There are not many jobs in World Rugby that hold an expectancy of a nation more so than that of the Wallabies Head Coach. Michael Cheika is the current incumbent of that highly regarded jacket but he and his squad are at a crossroads that may drive him in an opposite direction to the next Rugby World Cup.
Cheika’s predecessors have won two world cups between them and although he himself has delivered a runner up spot in the World Cup himself, you have to look at the bigger picture to paint a true reflection of the former Number 8’s time in charge of the Gold and Greens.
His win ratio is a lowly 51% which is the lowest of all Australian coaches in the professional era part from his direct predecessor, Ewan McKenzie, who had a 50%-win ratio. It’s not just the figure of 51% that is the issue here, it is more the fact that his record against other tier one nations is so poor.
The Sydney born coach has always had the upper hand over Wales and Argentina with an immaculate record but after that it is grim reading:
England – 14%
New Zealand – 18%
Ireland – 20%
South Africa – 50%
France – 50%
Scotland – 50%
He’s been white washed in Australia by England in a three test series and also Scotland have seen success Down Under as well as Ireland as recently as June this year.
Going to Australia on tour used to be a fearful experience for opposing teams but it just isn’t the case anymore. Think back to England’s tour of hell and the British and Irish Lions in 2001. That may sound a bit far fetched in some ways to say that but you always believe that Australia are there for the taking now. It’s almost like they have softened up and lost their edge.
Cheika did take over at a very turbulent time in the Wallabies history when Ewan Mckenzie left in such abrupt circumstances and to a degree the Heineken Cup winning Head Coach did steady a rocky ship.
Leading up to the 2015 Rugby World Cup though the form of the national side was indifferent. They lost 3 of their 4 matches in the November Internationals as their scrum capitulated all over Europe but Cheika must take huge credit for what happened next.
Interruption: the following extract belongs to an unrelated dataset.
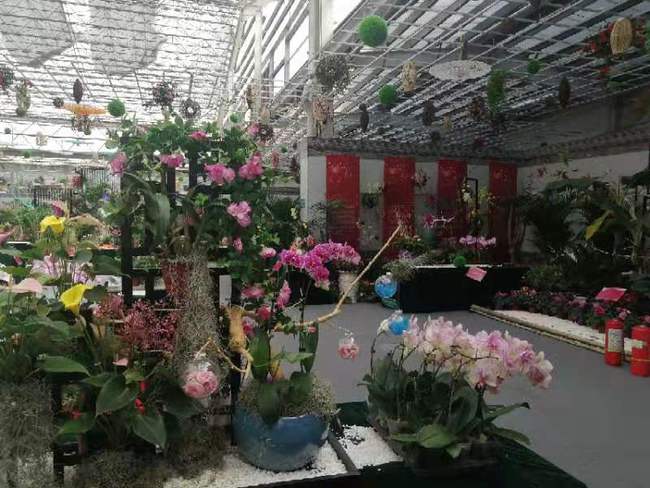 青州黄楼花卉市场位置图片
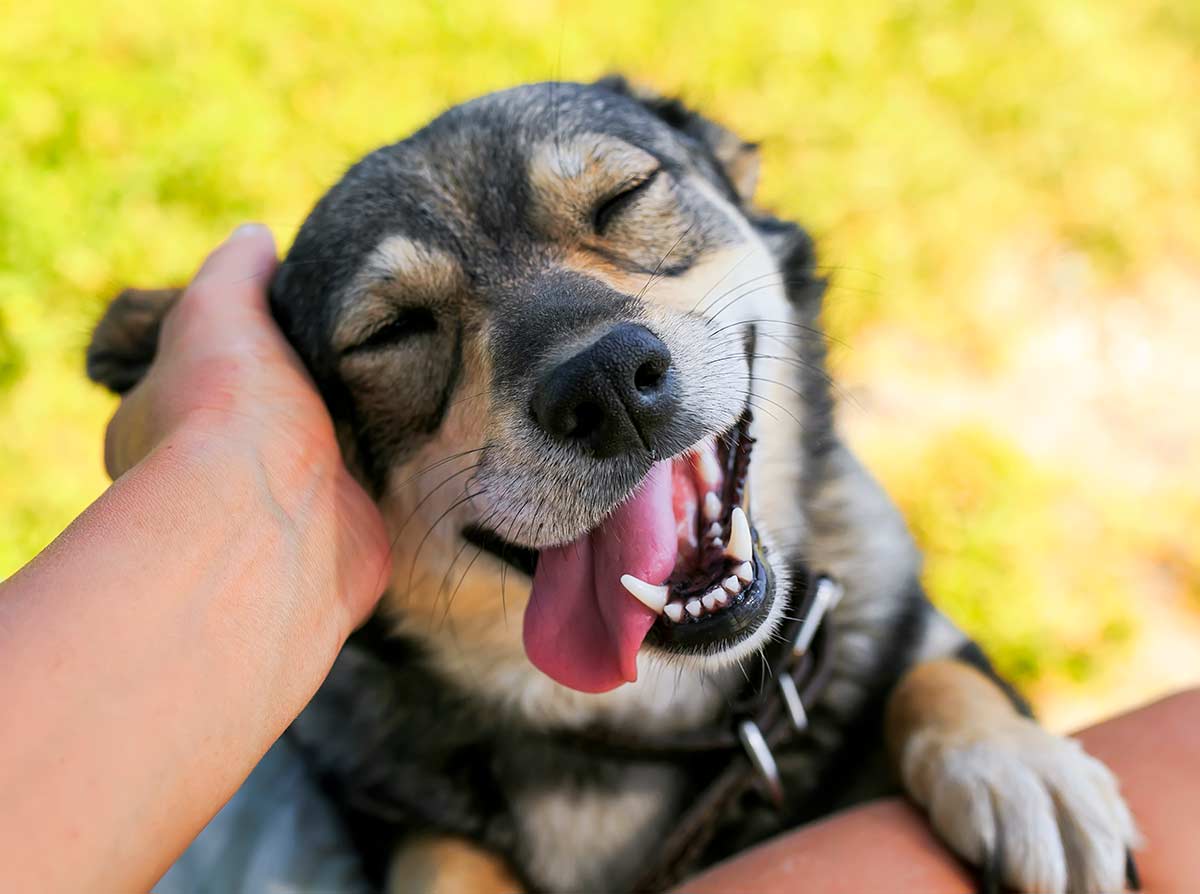 Happy dog smiling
He brought in a law that would later be christened ‘Giteau’s Law’. It allowed foreign based Australian players with a certain amount of caps or seasons playing Super Rugby to represent the national team yet again. It opened the door for Matt Giteau and Drew Mitchell to come back into the fold before the Rugby Championship that season and the impact was immeasurable.
His team won the shortened version of the Championship that year which included a rare win over the All Blacks. The Wallabies then reached the World Cup Final that same year, knocking out hosts England along the way but in all reality, the return of such experienced players was merely papering over some cracks.
Since then it has been mixed results all along the road but this time there will be no new law that can save him.
Conceding 78 points in two matches against the All Blacks has raised serious concern and Raelene Castle has had to come out this week in defence of her Head Coach.
The Australian Rugby CEO has intimated that Cheika will see his contract through until after next years World Cup but that the performances and results cannot be ignored.
I am not sure what can be done though. The ARU have pumped resources into the national squad in recent seasons but the results have only gone way.
There is now a losing mentality in the squad and that is hard to shake off once it has manifested itself in a group.
I have sat in press conferences with Cheika and he is an imposing figure that quite clearly you wouldn’t want to cross but, like the national team, his fear factor is dwindling.
Should they lose this weekend to the Springboks in Brisbane, the stadium that once was their ultimate fortress, (between 2003 and up to the British and Irish Lions tour of 2013 they lost only once there) then it is time for Cheika to check out and hand this squad over to someone else.